Autre argument des syndicats non-signataires : les cabinets n'ont pas vraiment souffert de la crise. "La profession a amorti la crise de façon plus aisée que d’autres branches (administrateurs judiciaires…)", affirme Alexandre Picaud, représentant de la CFTC (confédération française des travailleurs chrétiens). L’activité soutenue des structures comptables pendant cette période leur aurait été plutôt bénéfique. "2020 a vu exploser les bénéfices des cabinets", avance Céline Vicaine. Il n'existe pas encore, à ce jour, de données précises sur l'activité des cabinets en 2020 et on ne sait pas dans quelle mesure ces derniers ont facturé leurs clients, souvent en difficulté, mais la plupart ont continué à tourner à plein régime. "1% c'est une blague quand on voit les bénéfices engrangés malgré le contexte, les dividendes versés par quelques gros cabinets et les exercices de forte activité à venir", soutient la représentante de la CGT.  

Préserver les intérêts des cabinets en ces périodes d'incertitudes, selon le patronat

La CFDT (confédération française démocratique du travail) est la seule organisation de salariés qui a signé l'accord sur les salaires cette année.
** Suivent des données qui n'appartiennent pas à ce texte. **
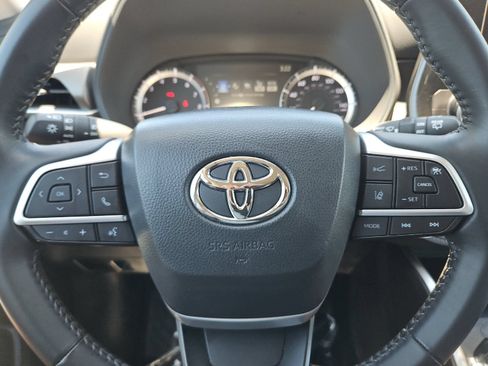 Certified 2025 Toyota Highlander LE FWD image 22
Avec plus de 30% de représentativité, sa signature était suffisante pour valider l'accord. "La CFDT a pris la décision de signer seule l’augmentation des minima conventionnels de la branche comme nos adhérents le demandaient, nous explique Marie Buard, secrétaire nationale. En effet, nous constatons dans les entreprises que de plus en plus de salariés sont proches des minima conventionnels…une augmentation de 1% des salaires n’est pas négligeable. Pour la CFDT, le pouvoir d’achat des salariés est un axe essentiel de nos revendications…et surtout le reste à vivre".
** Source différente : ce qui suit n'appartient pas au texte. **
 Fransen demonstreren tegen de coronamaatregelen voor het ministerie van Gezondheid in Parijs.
Du côté de la délégation patronale, on se réjouit de cette signature du 9 mars 2021. Pour Icône PDFl'Ifec et ECF, l'objectif était "de maintenir le pouvoir d'achat des salariés au regard des différents indicateurs comme l'évolution du SMIC ou le niveau de l'inflation" (le taux d'inflation est de 0,5% en 2020 selon l'Insee), mais également "de préserver les intérêts légitimes des cabinets en ces périodes d'incertitude". "C'est un message de confiance mais aussi de prudence qui est envoyé par la branche avec la signature de cet accord", concluent les organisations patronales.

"On ne veut plus se contenter des miettes"
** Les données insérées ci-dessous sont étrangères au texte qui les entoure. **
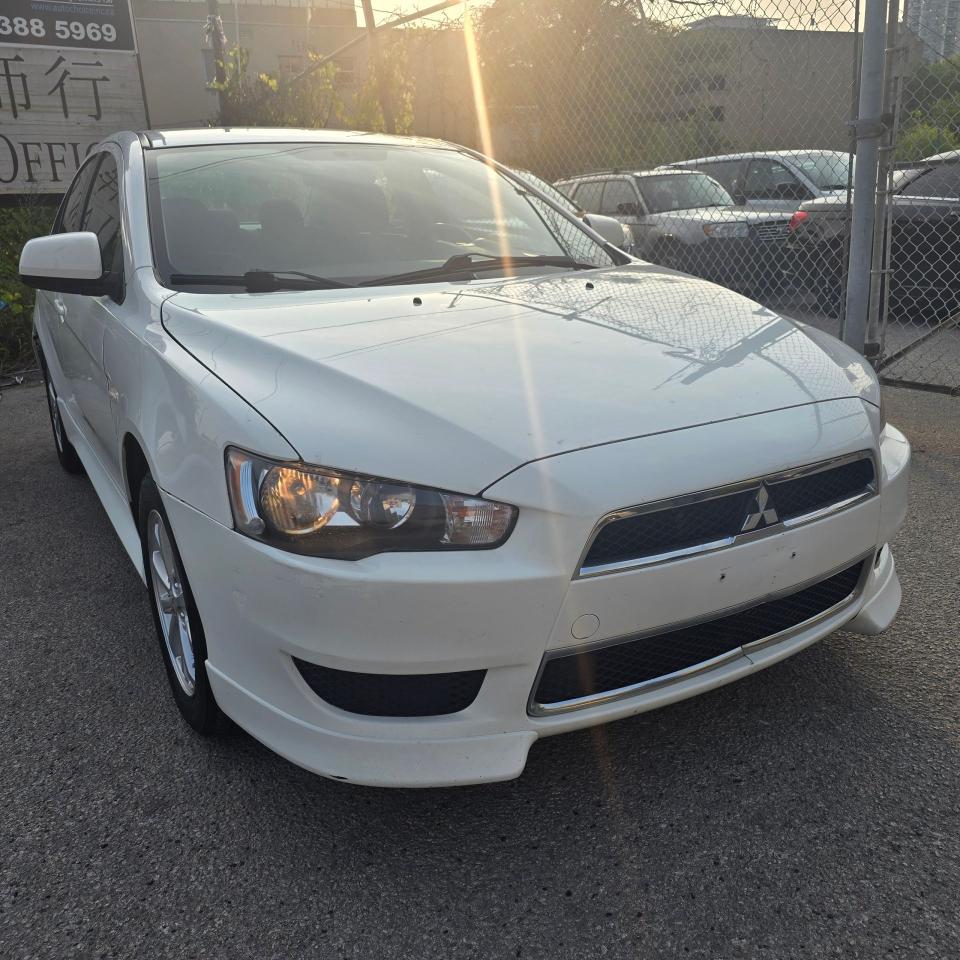 2013 Mitsubishi Lancer SE Photo2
Ces désaccords révèlent une crise plus profonde au sein des instances syndicales, qui dure depuis plusieurs années. La CFTC ne signe plus l’accord sur les salaires depuis 2018 en raison de l’écart - de 42% - qui persiste entre le salaire minima du premier niveau de cadres de la grille de la convention collective (coefficient 330) et le montant du PMSS (plafond mensuel de sécurité sociale). Les minima conventionnels sont des "salaires au rabais", déclare Alexandre Picaud. "On décorrèle cette grille des salaires réels. C’est le pire écart qu’on peut retrouver dans les professions du droit". "Nous on ne sera jamais signataire, on ne veut plus se contenter des miettes", lance-t-il. Une situation qui, selon plusieurs syndicats, n'est pas non plus de nature à oeuvrer pour l'attractivité de la profession.

Mais entre le statu quo et la prise en compte d'une revalorisation - même faible - des minima conventionnels, où placer le curseur ? Bref, un casse-tête pour les représentants des salariés des cabinets comptables. 

 

(*) Cet accord attend encore l'arrêté d'extension pour s'appliquer à l'ensemble des cabinets comptables de la branche. Il sera applicable à compter de la publication de l'arrêté et, pour les cabinets adhérents des organisations patronales, à compter du 1er octobre si l'arrêté d'extension n'est pas publié à cette date.